[Web page caption snippets]
========================================
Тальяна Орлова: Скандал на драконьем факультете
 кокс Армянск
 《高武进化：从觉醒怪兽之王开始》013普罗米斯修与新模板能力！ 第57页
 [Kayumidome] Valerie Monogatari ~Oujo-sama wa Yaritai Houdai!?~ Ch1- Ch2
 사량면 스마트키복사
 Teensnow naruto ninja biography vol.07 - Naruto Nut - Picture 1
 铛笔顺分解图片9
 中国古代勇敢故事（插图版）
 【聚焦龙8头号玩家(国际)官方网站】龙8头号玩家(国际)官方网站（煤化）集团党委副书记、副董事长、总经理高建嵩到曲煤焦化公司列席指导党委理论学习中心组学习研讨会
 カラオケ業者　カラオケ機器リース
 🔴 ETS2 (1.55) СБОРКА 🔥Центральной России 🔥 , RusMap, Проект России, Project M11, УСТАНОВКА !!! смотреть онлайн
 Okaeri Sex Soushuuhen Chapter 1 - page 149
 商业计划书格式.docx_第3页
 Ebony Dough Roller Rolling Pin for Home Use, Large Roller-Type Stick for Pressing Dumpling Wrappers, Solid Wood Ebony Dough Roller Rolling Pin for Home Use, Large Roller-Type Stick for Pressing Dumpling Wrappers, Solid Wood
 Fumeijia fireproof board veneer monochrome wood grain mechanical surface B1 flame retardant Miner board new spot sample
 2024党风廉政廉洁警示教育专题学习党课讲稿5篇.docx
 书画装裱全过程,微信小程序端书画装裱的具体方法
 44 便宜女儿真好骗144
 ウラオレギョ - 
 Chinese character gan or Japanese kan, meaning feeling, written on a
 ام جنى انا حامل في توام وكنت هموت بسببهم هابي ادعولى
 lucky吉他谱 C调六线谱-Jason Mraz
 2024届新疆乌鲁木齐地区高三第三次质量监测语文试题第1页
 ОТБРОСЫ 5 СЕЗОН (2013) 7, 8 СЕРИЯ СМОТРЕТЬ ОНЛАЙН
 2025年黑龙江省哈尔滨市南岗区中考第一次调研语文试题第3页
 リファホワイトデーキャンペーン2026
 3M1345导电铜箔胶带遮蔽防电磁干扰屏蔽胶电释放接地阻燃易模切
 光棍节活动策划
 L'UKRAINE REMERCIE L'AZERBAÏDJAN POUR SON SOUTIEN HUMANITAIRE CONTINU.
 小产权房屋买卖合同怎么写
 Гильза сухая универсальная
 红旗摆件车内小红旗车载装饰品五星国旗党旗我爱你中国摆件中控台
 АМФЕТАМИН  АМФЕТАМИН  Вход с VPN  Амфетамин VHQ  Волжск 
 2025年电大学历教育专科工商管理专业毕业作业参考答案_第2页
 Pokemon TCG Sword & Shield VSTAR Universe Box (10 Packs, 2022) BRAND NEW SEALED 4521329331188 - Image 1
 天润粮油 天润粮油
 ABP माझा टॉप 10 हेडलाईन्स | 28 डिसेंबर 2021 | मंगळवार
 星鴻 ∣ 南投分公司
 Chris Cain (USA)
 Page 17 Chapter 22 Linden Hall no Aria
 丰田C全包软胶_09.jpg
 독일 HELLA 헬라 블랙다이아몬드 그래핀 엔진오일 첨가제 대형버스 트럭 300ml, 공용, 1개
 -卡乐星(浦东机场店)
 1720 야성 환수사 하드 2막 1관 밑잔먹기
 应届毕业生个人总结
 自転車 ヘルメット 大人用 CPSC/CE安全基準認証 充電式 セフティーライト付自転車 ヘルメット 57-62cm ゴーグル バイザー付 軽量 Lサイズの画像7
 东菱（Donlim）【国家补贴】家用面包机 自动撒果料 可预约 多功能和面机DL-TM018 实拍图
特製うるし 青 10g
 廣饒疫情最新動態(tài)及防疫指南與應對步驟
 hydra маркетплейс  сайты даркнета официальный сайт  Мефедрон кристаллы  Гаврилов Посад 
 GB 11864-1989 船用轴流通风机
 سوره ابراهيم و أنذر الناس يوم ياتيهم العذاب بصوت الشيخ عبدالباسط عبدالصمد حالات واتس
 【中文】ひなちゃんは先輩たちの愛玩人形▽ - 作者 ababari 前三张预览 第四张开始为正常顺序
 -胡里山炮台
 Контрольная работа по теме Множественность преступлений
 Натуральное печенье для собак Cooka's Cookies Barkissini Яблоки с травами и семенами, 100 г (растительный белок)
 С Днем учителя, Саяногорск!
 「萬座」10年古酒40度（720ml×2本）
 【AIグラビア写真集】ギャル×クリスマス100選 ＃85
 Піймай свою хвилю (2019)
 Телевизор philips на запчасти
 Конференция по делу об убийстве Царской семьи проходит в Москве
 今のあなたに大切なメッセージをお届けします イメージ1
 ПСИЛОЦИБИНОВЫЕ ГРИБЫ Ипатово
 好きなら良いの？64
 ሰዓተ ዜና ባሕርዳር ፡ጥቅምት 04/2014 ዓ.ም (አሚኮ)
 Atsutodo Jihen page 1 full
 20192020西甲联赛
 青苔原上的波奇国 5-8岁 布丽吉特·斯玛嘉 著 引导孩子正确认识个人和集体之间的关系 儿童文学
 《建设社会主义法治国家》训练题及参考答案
========================================
→ **YOUR OBJECTIVE**: Return the records in full. Omit nothing.

→ **SOLUTION FOR THIS PROBLEM**:
Тальяна Орлова: Скандал на драконьем факультете
 кокс Армянск
 《高武进化：从觉醒怪兽之王开始》013普罗米斯修与新模板能力！ 第57页
 [Kayumidome] Valerie Monogatari ~Oujo-sama wa Yaritai Houdai!?~ Ch1- Ch2
 사량면 스마트키복사
 Teensnow naruto ninja biography vol.07 - Naruto Nut - Picture 1
 铛笔顺分解图片9
 中国古代勇敢故事（插图版）
 【聚焦龙8头号玩家(国际)官方网站】龙8头号玩家(国际)官方网站（煤化）集团党委副书记、副董事长、总经理高建嵩到曲煤焦化公司列席指导党委理论学习中心组学习研讨会
 カラオケ業者　カラオケ機器リース
 🔴 ETS2 (1.55) СБОРКА 🔥Центральной России 🔥 , RusMap, Проект России, Project M11, УСТАНОВКА !!! смотреть онлайн
 Okaeri Sex Soushuuhen Chapter 1 - page 149
 商业计划书格式.docx_第3页
 Ebony Dough Roller Rolling Pin for Home Use, Large Roller-Type Stick for Pressing Dumpling Wrappers, Solid Wood Ebony Dough Roller Rolling Pin for Home Use, Large Roller-Type Stick for Pressing Dumpling Wrappers, Solid Wood
 Fumeijia fireproof board veneer monochrome wood grain mechanical surface B1 flame retardant Miner board new spot sample
 2024党风廉政廉洁警示教育专题学习党课讲稿5篇.docx
 书画装裱全过程,微信小程序端书画装裱的具体方法
 44 便宜女儿真好骗144
 ウラオレギョ - 
 Chinese character gan or Japanese kan, meaning feeling, written on a
 ام جنى انا حامل في توام وكنت هموت بسببهم هابي ادعولى
 lucky吉他谱 C调六线谱-Jason Mraz
 2024届新疆乌鲁木齐地区高三第三次质量监测语文试题第1页
 ОТБРОСЫ 5 СЕЗОН (2013) 7, 8 СЕРИЯ СМОТРЕТЬ ОНЛАЙН
 2025年黑龙江省哈尔滨市南岗区中考第一次调研语文试题第3页
 リファホワイトデーキャンペーン2026
 3M1345导电铜箔胶带遮蔽防电磁干扰屏蔽胶电释放接地阻燃易模切
 光棍节活动策划
 L'UKRAINE REMERCIE L'AZERBAÏDJAN POUR SON SOUTIEN HUMANITAIRE CONTINU.
 小产权房屋买卖合同怎么写
 Гильза сухая универсальная
 红旗摆件车内小红旗车载装饰品五星国旗党旗我爱你中国摆件中控台
 АМФЕТАМИН  АМФЕТАМИН  Вход с VPN  Амфетамин VHQ  Волжск 
 2025年电大学历教育专科工商管理专业毕业作业参考答案_第2页
 Pokemon TCG Sword & Shield VSTAR Universe Box (10 Packs, 2022) BRAND NEW SEALED 4521329331188 - Image 1
 天润粮油 天润粮油
 ABP माझा टॉप 10 हेडलाईन्स | 28 डिसेंबर 2021 | मंगळवार
 星鴻 ∣ 南投分公司
 Chris Cain (USA)
 Page 17 Chapter 22 Linden Hall no Aria
 丰田C全包软胶_09.jpg
 독일 HELLA 헬라 블랙다이아몬드 그래핀 엔진오일 첨가제 대형버스 트럭 300ml, 공용, 1개
 -卡乐星(浦东机场店)
 1720 야성 환수사 하드 2막 1관 밑잔먹기
 应届毕业生个人总结
 自転車 ヘルメット 大人用 CPSC/CE安全基準認証 充電式 セフティーライト付自転車 ヘルメット 57-62cm ゴーグル バイザー付 軽量 Lサイズの画像7
 东菱（Donlim）【国家补贴】家用面包机 自动撒果料 可预约 多功能和面机DL-TM018 实拍图
特製うるし 青 10g
 廣饒疫情最新動態(tài)及防疫指南與應對步驟
 hydra маркетплейс  сайты даркнета официальный сайт  Мефедрон кристаллы  Гаврилов Посад 
 GB 11864-1989 船用轴流通风机
 سوره ابراهيم و أنذر الناس يوم ياتيهم العذاب بصوت الشيخ عبدالباسط عبدالصمد حالات واتس
 【中文】ひなちゃんは先輩たちの愛玩人形▽ - 作者 ababari 前三张预览 第四张开始为正常顺序
 -胡里山炮台
 Контрольная работа по теме Множественность преступлений
 Натуральное печенье для собак Cooka's Cookies Barkissini Яблоки с травами и семенами, 100 г (растительный белок)
 С Днем учителя, Саяногорск!
 「萬座」10年古酒40度（720ml×2本）
 【AIグラビア写真集】ギャル×クリスマス100選 ＃85
 Піймай свою хвилю (2019)
 Телевизор philips на запчасти
 Конференция по делу об убийстве Царской семьи проходит в Москве
 今のあなたに大切なメッセージをお届けします イメージ1
 ПСИЛОЦИБИНОВЫЕ ГРИБЫ Ипатово
 好きなら良いの？64
 ሰዓተ ዜና ባሕርዳር ፡ጥቅምት 04/2014 ዓ.ም (አሚኮ)
 Atsutodo Jihen page 1 full
 20192020西甲联赛
 青苔原上的波奇国 5-8岁 布丽吉特·斯玛嘉 著 引导孩子正确认识个人和集体之间的关系 儿童文学
 《建设社会主义法治国家》训练题及参考答案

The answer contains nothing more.